Comment améliorer l’image de la politique en Haïti ?
Il est vrai qu’au nom
de l’égalité, tout le monde doit bénéficier des mêmes chances. En politique,
l’exclusion pour des raisons de formation insuffisante serait mal malvenue.
Toutefois, au regard de la situation actuelle du pays, il est important
d’appuyer sur le fait que la politique ne peut être réduite à l’état d’une activité
dérisoire pouvant être pratiquée par n’importe qui ; elle doit être exercée
par des gens qui ont une claire vision de leur rôle, de la gouvernance et du
fonctionnement des institutions publiques.

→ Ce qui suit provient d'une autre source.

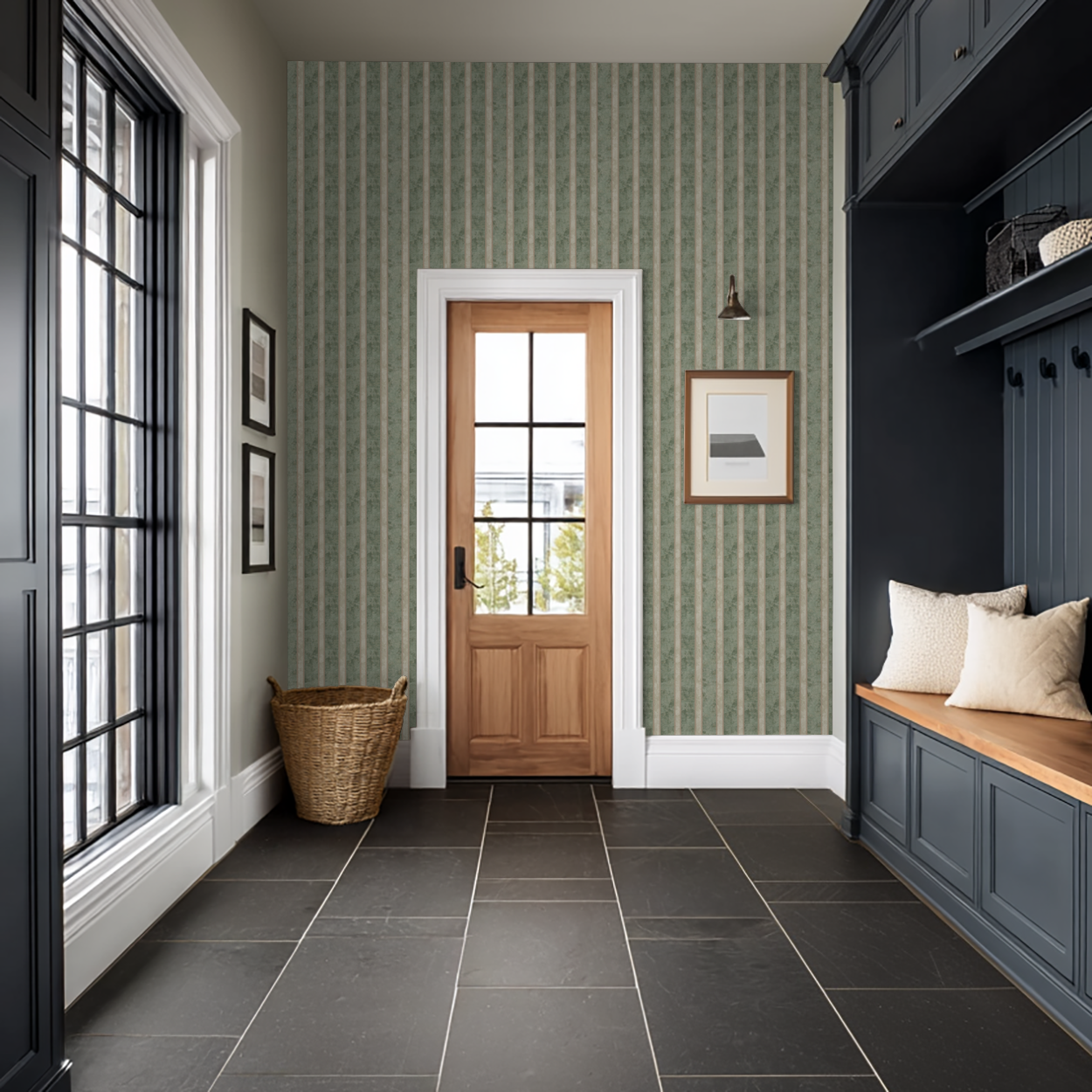 Clay Canvas wallpaper with sage and cream stripes in a classic entryway.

Comme je l’ai fait remarquer plus haut, la détention
de diplômes d’études apporte une valeur ajoutée, mais elle n’est pas suffisante
pour se faire remarquer en politique dans un pays comme Haïti. A mon humble
avis, pour rénover l’image de la politique dans notre pays, il importe
d’insister sur la réunion de certaines caractéristiques comme la conviction,
l’adaptabilité, la force de caractère, l’aptitude concurrentielle chez les
hommes et les femmes aspirant aux fonctions politiques.
La conviction
La politique n’est pas un terrain de jeu ou un parc de divertissement,
les acteurs doivent être animés par une conviction inébranlable dans le
changement. Cette conviction peut être définie comme l’engagement conscient
d’œuvrer à la reconstruction des structures et des valeurs responsables du
bien-être de tous.
Ce sens d’engagement ne doit pas être superficiel, son fondement doit
être recherché dans la prise de position constante par rapport aux problèmes
affectant la vie collective. Le politicien doit travailler à la consolidation
des idées qu’il croit capables de favoriser les changements. Les revirements de
position intempestifs ou opportunistes observés chez bon nombre de politiciens
haïtiens révèlent cette absence de conviction qui dégrade la pratique de la
politique dans le pays. Le défaut de conviction n’affecte pas seulement la
réputation du politicien, il se déteint également sur le reste de la société
qui conçoit, du fait, la politique comme une activité malhonnête réservée à des
opportunistes et à des hypocrites.
L’adaptabilité
La conviction est la qualité fondamentale que doit cultiver un politicien.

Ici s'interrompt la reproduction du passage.